### Work required
Would you please return only the lines from the one with "VFL Wolbeck - TuS Hiltrup FuÃball 2013/2014" through the last line of the records below, leaving the pictures out?

### Dataset records
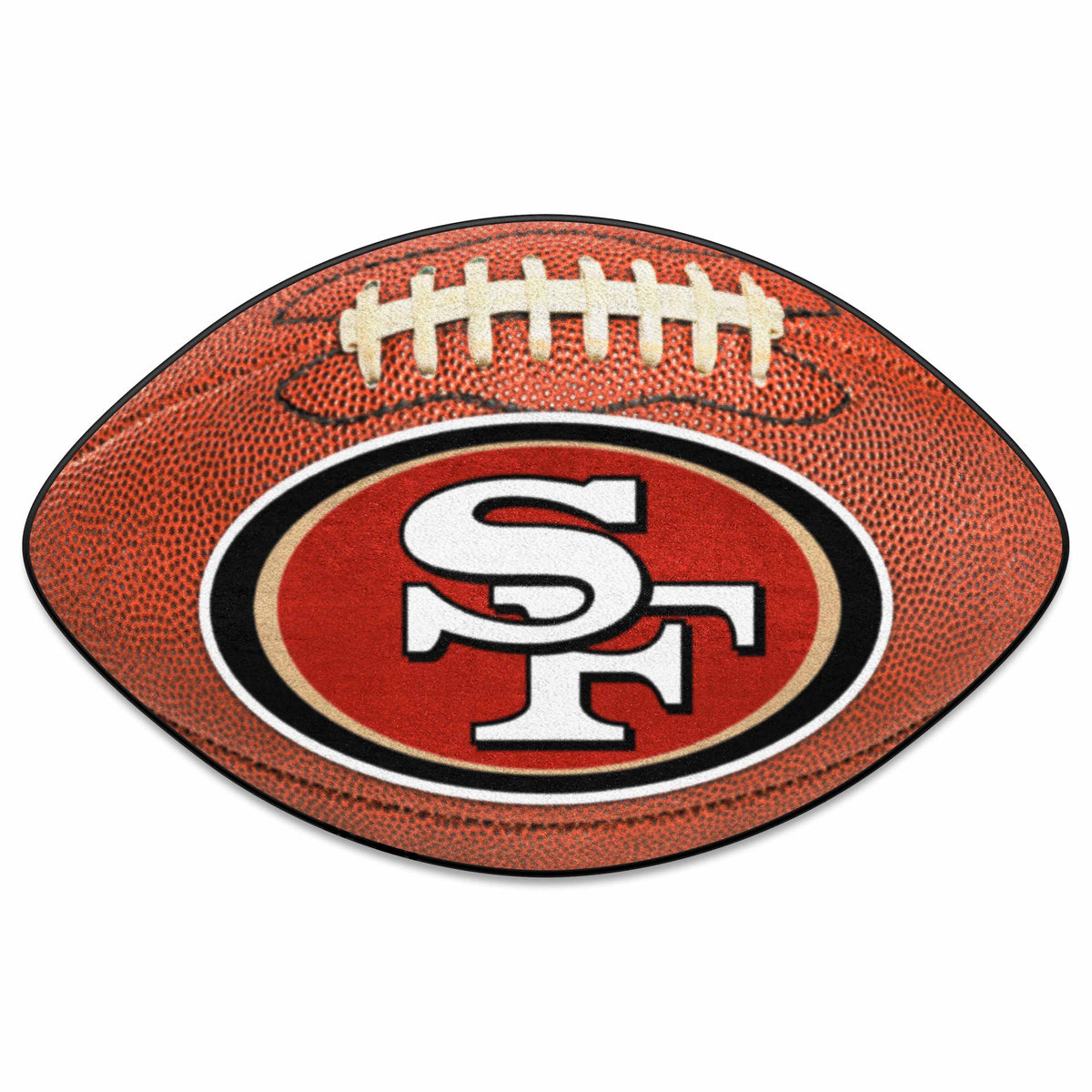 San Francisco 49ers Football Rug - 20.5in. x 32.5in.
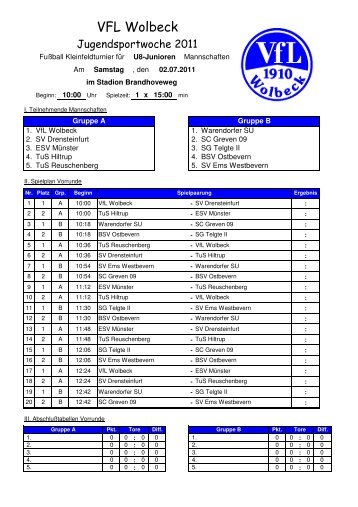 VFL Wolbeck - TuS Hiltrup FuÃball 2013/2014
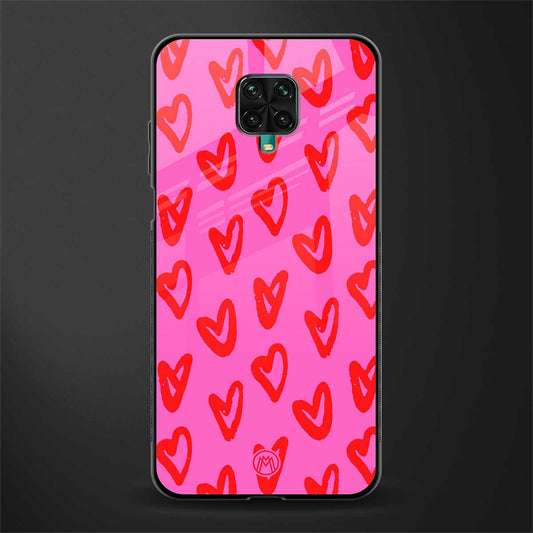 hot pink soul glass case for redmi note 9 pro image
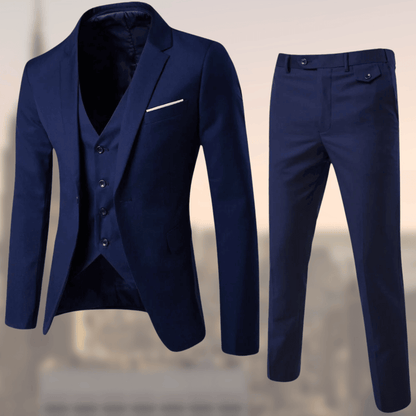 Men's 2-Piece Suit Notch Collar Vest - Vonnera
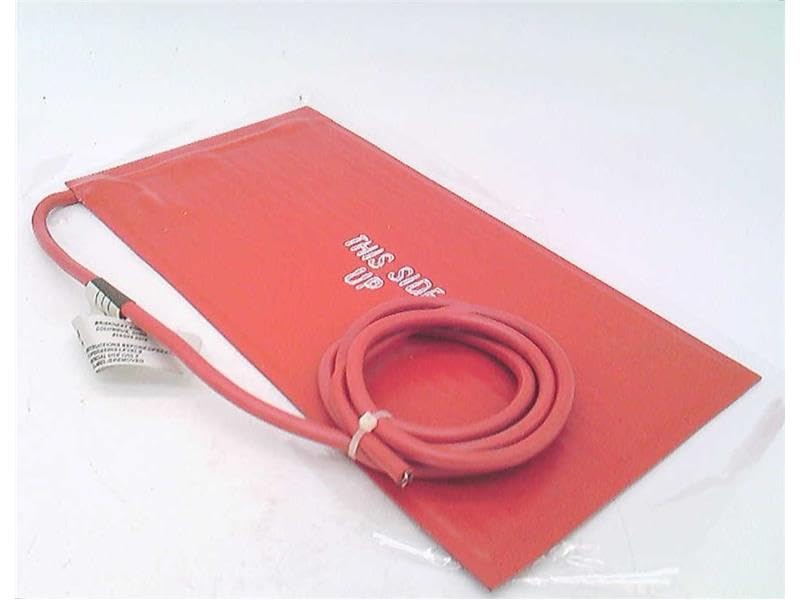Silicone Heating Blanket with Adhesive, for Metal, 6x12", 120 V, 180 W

### Exercise result
 VFL Wolbeck - TuS Hiltrup FuÃball 2013/2014
 hot pink soul glass case for redmi note 9 pro image
 Men's 2-Piece Suit Notch Collar Vest - Vonnera
Silicone Heating Blanket with Adhesive, for Metal, 6x12", 120 V, 180 W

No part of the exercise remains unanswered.